Today, we take for granted things that those brave soldiers could never have imagined. The microwave oven, video recorder and hovercraft came along in the immediate post war years. But the big technological steps started in 1957 when IBM invented the first PC and would continue through the 1960s, which ended with us watching colour TV and Neil Armstrong setting foot on the moon.
How much would technology have advanced had the result been different?
It was ramped up in the 1970s when we welcomed microprocessors, floppy disks, video game consoles, touchscreens, lithium batteries, GPS and the Rubik’s Cube.
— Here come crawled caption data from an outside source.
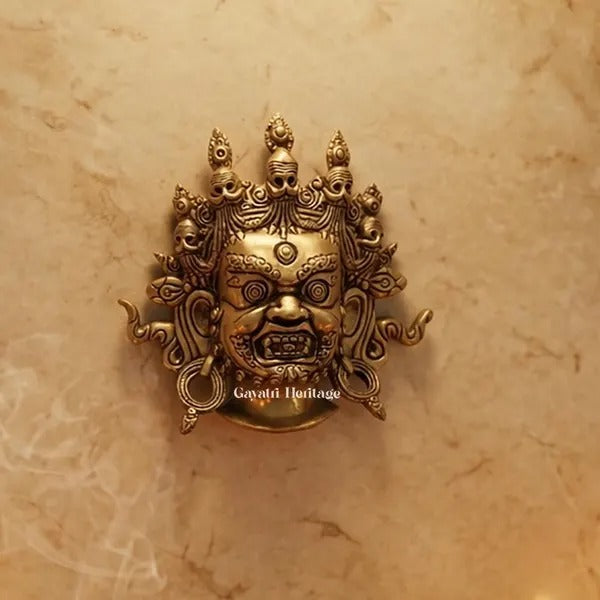 Brass Mahakal Jambala Face – Protector Wall Decor | Gayatri Heritage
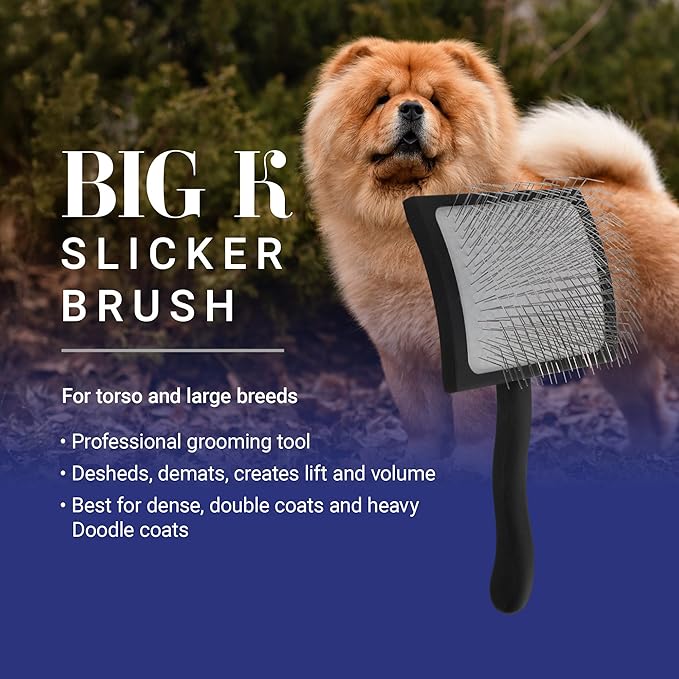 Chris Christensen Big K Dog Slicker Brush for Dogs (Goldendoodles, Labradoodles, Poodles), Groom Like a Professional, Fluff Detangle Style, Saves Time Energy, Black, Large-Mewly Pet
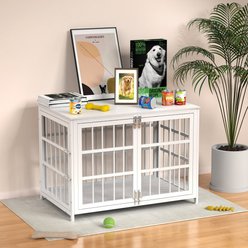IronovaPets Escape-Proof Wood-Grain Side Table Double-Door Furniture Dog Crate, White, Medium: 38 inch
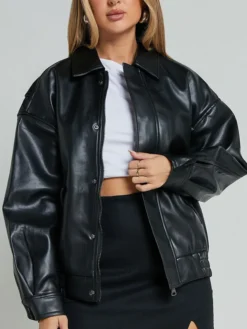 Womens Black Aviator Leather Bomber Jacket Zipper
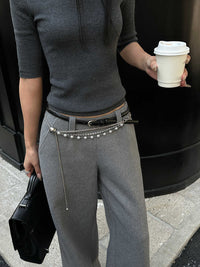Fashion Silver Pearl Alloy Waist Chain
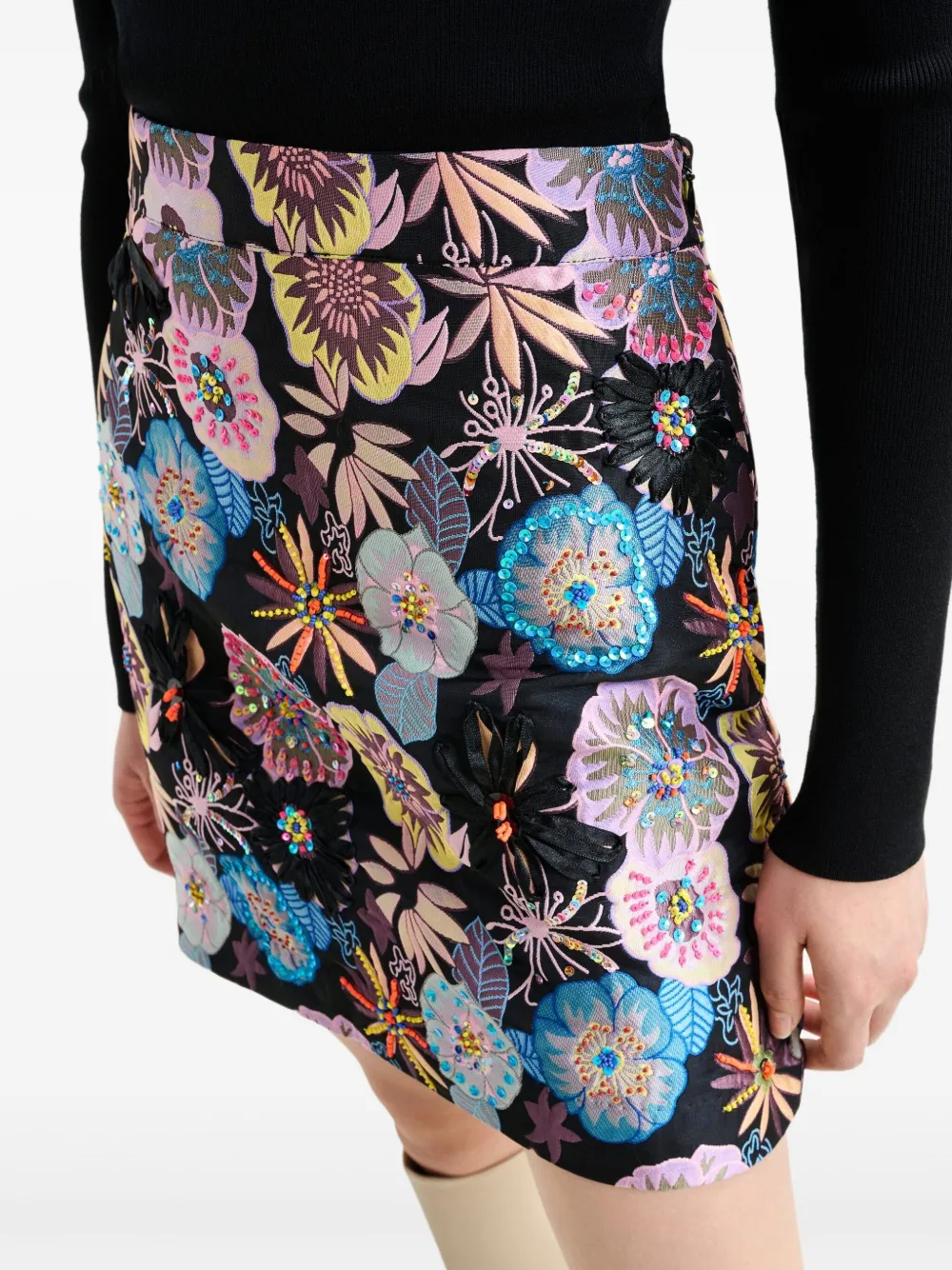 Essentiel Antwerp Mini-rok met bloemenprint en pailletten Zwart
The latter is hardly an electronic masterpiece, but it remains the best selling puzzle of all time. World wide web, laptops, satellite TV and, of course, mobile phones followed.
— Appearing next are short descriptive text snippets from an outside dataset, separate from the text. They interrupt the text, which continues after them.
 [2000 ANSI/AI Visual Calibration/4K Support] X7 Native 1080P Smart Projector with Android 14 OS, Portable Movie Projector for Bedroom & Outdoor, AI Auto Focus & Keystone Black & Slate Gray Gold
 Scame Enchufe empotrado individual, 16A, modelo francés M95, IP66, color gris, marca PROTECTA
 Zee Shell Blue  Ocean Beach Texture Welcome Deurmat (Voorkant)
The list is endless, but how much of it would have happened had the result been different 80 years ago?
So let’s go back to money matters. What has happened to the value of money in those 80 years? Well the value of £1 has lost over 98% of its value since 1944. Looked at the other way around, £1 in 1944 is equivalent to nearly £60 today.
That’s equivalent to an average inflation of 5.15% over the last 80 years. The actual inflation rate in wartime 1944 was, coincidentally, very similar to 2024 at approximately 3%.
An average salary of around £30,000 a year today would have seen you earning around £550 per annum in 1944. Before tax that is; the standard rate of income tax 80 years ago was a whopping 50%, leaving you little more than £20 in your hands every month.